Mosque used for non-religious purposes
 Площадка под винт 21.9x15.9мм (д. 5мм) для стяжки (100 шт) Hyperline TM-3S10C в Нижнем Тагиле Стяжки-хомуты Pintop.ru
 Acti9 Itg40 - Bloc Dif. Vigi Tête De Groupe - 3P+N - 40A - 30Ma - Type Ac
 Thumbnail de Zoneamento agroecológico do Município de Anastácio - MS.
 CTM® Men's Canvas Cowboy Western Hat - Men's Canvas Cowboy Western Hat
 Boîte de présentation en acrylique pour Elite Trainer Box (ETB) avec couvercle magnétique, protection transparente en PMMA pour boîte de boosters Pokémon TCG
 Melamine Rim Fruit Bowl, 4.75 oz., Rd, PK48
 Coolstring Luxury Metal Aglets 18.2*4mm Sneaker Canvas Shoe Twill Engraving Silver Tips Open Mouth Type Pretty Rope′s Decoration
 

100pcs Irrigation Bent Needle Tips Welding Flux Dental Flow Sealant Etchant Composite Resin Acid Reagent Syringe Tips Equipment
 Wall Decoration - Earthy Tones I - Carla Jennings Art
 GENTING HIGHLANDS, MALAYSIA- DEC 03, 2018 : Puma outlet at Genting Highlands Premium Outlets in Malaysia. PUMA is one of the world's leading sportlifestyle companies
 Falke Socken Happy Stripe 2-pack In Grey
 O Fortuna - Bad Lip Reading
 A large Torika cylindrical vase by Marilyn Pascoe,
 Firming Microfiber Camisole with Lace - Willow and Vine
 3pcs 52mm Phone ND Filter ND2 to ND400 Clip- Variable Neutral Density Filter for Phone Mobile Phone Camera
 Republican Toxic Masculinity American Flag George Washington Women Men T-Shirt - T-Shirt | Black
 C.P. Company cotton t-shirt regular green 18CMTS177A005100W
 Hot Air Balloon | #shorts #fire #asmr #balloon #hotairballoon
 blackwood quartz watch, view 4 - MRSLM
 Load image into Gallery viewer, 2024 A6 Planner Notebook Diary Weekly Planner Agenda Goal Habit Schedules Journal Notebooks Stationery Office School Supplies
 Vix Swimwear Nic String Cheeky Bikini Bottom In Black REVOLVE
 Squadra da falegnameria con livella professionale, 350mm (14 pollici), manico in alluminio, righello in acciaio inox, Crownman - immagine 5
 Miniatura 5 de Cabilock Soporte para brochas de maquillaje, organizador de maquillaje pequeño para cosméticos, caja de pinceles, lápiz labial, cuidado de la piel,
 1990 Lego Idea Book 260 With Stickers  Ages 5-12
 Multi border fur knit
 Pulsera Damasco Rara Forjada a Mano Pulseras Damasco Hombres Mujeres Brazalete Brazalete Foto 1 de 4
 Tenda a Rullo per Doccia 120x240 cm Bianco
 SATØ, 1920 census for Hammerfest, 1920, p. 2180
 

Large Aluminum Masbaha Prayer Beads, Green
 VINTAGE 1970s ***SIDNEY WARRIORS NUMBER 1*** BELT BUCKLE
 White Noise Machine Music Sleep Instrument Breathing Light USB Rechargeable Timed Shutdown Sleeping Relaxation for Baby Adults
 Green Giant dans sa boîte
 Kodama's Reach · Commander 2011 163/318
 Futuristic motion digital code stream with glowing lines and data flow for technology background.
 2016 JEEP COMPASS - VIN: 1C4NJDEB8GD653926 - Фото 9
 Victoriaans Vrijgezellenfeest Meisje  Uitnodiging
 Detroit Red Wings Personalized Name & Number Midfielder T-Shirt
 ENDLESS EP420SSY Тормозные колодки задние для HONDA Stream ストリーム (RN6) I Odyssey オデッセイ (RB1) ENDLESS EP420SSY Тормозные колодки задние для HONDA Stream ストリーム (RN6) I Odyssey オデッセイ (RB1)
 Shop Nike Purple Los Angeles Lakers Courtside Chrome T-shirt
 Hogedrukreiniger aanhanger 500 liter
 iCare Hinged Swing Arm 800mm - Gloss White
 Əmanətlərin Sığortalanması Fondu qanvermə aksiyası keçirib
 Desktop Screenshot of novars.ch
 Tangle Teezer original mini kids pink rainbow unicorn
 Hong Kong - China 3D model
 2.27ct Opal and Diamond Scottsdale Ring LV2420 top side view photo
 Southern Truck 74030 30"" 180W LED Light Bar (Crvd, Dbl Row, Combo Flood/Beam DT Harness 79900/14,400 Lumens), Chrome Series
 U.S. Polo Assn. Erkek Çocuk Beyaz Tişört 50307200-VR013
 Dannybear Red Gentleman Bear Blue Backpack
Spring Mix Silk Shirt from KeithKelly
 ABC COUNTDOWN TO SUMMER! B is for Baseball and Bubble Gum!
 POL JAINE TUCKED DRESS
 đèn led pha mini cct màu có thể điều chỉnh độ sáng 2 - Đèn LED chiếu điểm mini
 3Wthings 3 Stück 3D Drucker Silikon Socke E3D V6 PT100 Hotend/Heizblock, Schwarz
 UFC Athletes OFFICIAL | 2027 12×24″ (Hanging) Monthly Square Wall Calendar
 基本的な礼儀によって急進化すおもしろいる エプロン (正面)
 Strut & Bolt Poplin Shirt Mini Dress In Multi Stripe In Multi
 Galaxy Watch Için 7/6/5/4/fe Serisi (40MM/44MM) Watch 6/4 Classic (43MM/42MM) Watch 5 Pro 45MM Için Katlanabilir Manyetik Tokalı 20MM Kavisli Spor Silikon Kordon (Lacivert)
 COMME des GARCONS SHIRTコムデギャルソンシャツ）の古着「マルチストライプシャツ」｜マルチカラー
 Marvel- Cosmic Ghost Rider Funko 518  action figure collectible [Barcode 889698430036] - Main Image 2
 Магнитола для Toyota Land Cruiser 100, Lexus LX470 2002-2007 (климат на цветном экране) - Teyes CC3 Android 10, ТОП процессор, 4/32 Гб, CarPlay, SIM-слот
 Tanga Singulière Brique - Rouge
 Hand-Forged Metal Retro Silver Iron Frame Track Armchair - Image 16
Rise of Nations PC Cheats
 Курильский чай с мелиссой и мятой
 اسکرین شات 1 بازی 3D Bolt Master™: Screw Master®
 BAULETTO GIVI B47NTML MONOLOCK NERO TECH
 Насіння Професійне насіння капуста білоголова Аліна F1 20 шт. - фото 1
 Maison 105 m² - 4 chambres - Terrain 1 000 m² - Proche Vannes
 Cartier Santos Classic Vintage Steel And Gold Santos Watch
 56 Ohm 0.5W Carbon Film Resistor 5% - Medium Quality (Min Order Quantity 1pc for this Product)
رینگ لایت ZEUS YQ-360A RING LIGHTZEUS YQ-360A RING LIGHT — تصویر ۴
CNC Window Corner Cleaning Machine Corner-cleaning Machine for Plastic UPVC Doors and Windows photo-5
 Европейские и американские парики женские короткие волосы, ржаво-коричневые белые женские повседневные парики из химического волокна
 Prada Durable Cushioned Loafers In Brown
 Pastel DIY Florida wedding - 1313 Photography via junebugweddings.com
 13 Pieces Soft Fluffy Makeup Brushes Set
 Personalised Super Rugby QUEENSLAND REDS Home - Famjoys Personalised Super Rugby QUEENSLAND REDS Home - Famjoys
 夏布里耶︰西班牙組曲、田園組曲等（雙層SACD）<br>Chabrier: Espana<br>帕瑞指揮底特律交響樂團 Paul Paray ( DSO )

* _Your instructions_
All of the data must be written out again, exactly as it stands.

* _Answer to the problem_
Mosque used for non-religious purposes
 Площадка под винт 21.9x15.9мм (д. 5мм) для стяжки (100 шт) Hyperline TM-3S10C в Нижнем Тагиле Стяжки-хомуты Pintop.ru
 Acti9 Itg40 - Bloc Dif. Vigi Tête De Groupe - 3P+N - 40A - 30Ma - Type Ac
 Thumbnail de Zoneamento agroecológico do Município de Anastácio - MS.
 CTM® Men's Canvas Cowboy Western Hat - Men's Canvas Cowboy Western Hat
 Boîte de présentation en acrylique pour Elite Trainer Box (ETB) avec couvercle magnétique, protection transparente en PMMA pour boîte de boosters Pokémon TCG
 Melamine Rim Fruit Bowl, 4.75 oz., Rd, PK48
 Coolstring Luxury Metal Aglets 18.2*4mm Sneaker Canvas Shoe Twill Engraving Silver Tips Open Mouth Type Pretty Rope′s Decoration
 

100pcs Irrigation Bent Needle Tips Welding Flux Dental Flow Sealant Etchant Composite Resin Acid Reagent Syringe Tips Equipment
 Wall Decoration - Earthy Tones I - Carla Jennings Art
 GENTING HIGHLANDS, MALAYSIA- DEC 03, 2018 : Puma outlet at Genting Highlands Premium Outlets in Malaysia. PUMA is one of the world's leading sportlifestyle companies
 Falke Socken Happy Stripe 2-pack In Grey
 O Fortuna - Bad Lip Reading
 A large Torika cylindrical vase by Marilyn Pascoe,
 Firming Microfiber Camisole with Lace - Willow and Vine
 3pcs 52mm Phone ND Filter ND2 to ND400 Clip- Variable Neutral Density Filter for Phone Mobile Phone Camera
 Republican Toxic Masculinity American Flag George Washington Women Men T-Shirt - T-Shirt | Black
 C.P. Company cotton t-shirt regular green 18CMTS177A005100W
 Hot Air Balloon | #shorts #fire #asmr #balloon #hotairballoon
 blackwood quartz watch, view 4 - MRSLM
 Load image into Gallery viewer, 2024 A6 Planner Notebook Diary Weekly Planner Agenda Goal Habit Schedules Journal Notebooks Stationery Office School Supplies
 Vix Swimwear Nic String Cheeky Bikini Bottom In Black REVOLVE
 Squadra da falegnameria con livella professionale, 350mm (14 pollici), manico in alluminio, righello in acciaio inox, Crownman - immagine 5
 Miniatura 5 de Cabilock Soporte para brochas de maquillaje, organizador de maquillaje pequeño para cosméticos, caja de pinceles, lápiz labial, cuidado de la piel,
 1990 Lego Idea Book 260 With Stickers  Ages 5-12
 Multi border fur knit
 Pulsera Damasco Rara Forjada a Mano Pulseras Damasco Hombres Mujeres Brazalete Brazalete Foto 1 de 4
 Tenda a Rullo per Doccia 120x240 cm Bianco
 SATØ, 1920 census for Hammerfest, 1920, p. 2180
 

Large Aluminum Masbaha Prayer Beads, Green
 VINTAGE 1970s ***SIDNEY WARRIORS NUMBER 1*** BELT BUCKLE
 White Noise Machine Music Sleep Instrument Breathing Light USB Rechargeable Timed Shutdown Sleeping Relaxation for Baby Adults
 Green Giant dans sa boîte
 Kodama's Reach · Commander 2011 163/318
 Futuristic motion digital code stream with glowing lines and data flow for technology background.
 2016 JEEP COMPASS - VIN: 1C4NJDEB8GD653926 - Фото 9
 Victoriaans Vrijgezellenfeest Meisje  Uitnodiging
 Detroit Red Wings Personalized Name & Number Midfielder T-Shirt
 ENDLESS EP420SSY Тормозные колодки задние для HONDA Stream ストリーム (RN6) I Odyssey オデッセイ (RB1) ENDLESS EP420SSY Тормозные колодки задние для HONDA Stream ストリーム (RN6) I Odyssey オデッセイ (RB1)
 Shop Nike Purple Los Angeles Lakers Courtside Chrome T-shirt
 Hogedrukreiniger aanhanger 500 liter
 iCare Hinged Swing Arm 800mm - Gloss White
 Əmanətlərin Sığortalanması Fondu qanvermə aksiyası keçirib
 Desktop Screenshot of novars.ch
 Tangle Teezer original mini kids pink rainbow unicorn
 Hong Kong - China 3D model
 2.27ct Opal and Diamond Scottsdale Ring LV2420 top side view photo
 Southern Truck 74030 30"" 180W LED Light Bar (Crvd, Dbl Row, Combo Flood/Beam DT Harness 79900/14,400 Lumens), Chrome Series
 U.S. Polo Assn. Erkek Çocuk Beyaz Tişört 50307200-VR013
 Dannybear Red Gentleman Bear Blue Backpack
Spring Mix Silk Shirt from KeithKelly
 ABC COUNTDOWN TO SUMMER! B is for Baseball and Bubble Gum!
 POL JAINE TUCKED DRESS
 đèn led pha mini cct màu có thể điều chỉnh độ sáng 2 - Đèn LED chiếu điểm mini
 3Wthings 3 Stück 3D Drucker Silikon Socke E3D V6 PT100 Hotend/Heizblock, Schwarz
 UFC Athletes OFFICIAL | 2027 12×24″ (Hanging) Monthly Square Wall Calendar
 基本的な礼儀によって急進化すおもしろいる エプロン (正面)
 Strut & Bolt Poplin Shirt Mini Dress In Multi Stripe In Multi
 Galaxy Watch Için 7/6/5/4/fe Serisi (40MM/44MM) Watch 6/4 Classic (43MM/42MM) Watch 5 Pro 45MM Için Katlanabilir Manyetik Tokalı 20MM Kavisli Spor Silikon Kordon (Lacivert)
 COMME des GARCONS SHIRTコムデギャルソンシャツ）の古着「マルチストライプシャツ」｜マルチカラー
 Marvel- Cosmic Ghost Rider Funko 518  action figure collectible [Barcode 889698430036] - Main Image 2
 Магнитола для Toyota Land Cruiser 100, Lexus LX470 2002-2007 (климат на цветном экране) - Teyes CC3 Android 10, ТОП процессор, 4/32 Гб, CarPlay, SIM-слот
 Tanga Singulière Brique - Rouge
 Hand-Forged Metal Retro Silver Iron Frame Track Armchair - Image 16
Rise of Nations PC Cheats
 Курильский чай с мелиссой и мятой
 اسکرین شات 1 بازی 3D Bolt Master™: Screw Master®
 BAULETTO GIVI B47NTML MONOLOCK NERO TECH
 Насіння Професійне насіння капуста білоголова Аліна F1 20 шт. - фото 1
 Maison 105 m² - 4 chambres - Terrain 1 000 m² - Proche Vannes
 Cartier Santos Classic Vintage Steel And Gold Santos Watch
 56 Ohm 0.5W Carbon Film Resistor 5% - Medium Quality (Min Order Quantity 1pc for this Product)
رینگ لایت ZEUS YQ-360A RING LIGHTZEUS YQ-360A RING LIGHT — تصویر ۴
CNC Window Corner Cleaning Machine Corner-cleaning Machine for Plastic UPVC Doors and Windows photo-5
 Европейские и американские парики женские короткие волосы, ржаво-коричневые белые женские повседневные парики из химического волокна
 Prada Durable Cushioned Loafers In Brown
 Pastel DIY Florida wedding - 1313 Photography via junebugweddings.com
 13 Pieces Soft Fluffy Makeup Brushes Set
 Personalised Super Rugby QUEENSLAND REDS Home - Famjoys Personalised Super Rugby QUEENSLAND REDS Home - Famjoys
 夏布里耶︰西班牙組曲、田園組曲等（雙層SACD）<br>Chabrier: Espana<br>帕瑞指揮底特律交響樂團 Paul Paray ( DSO )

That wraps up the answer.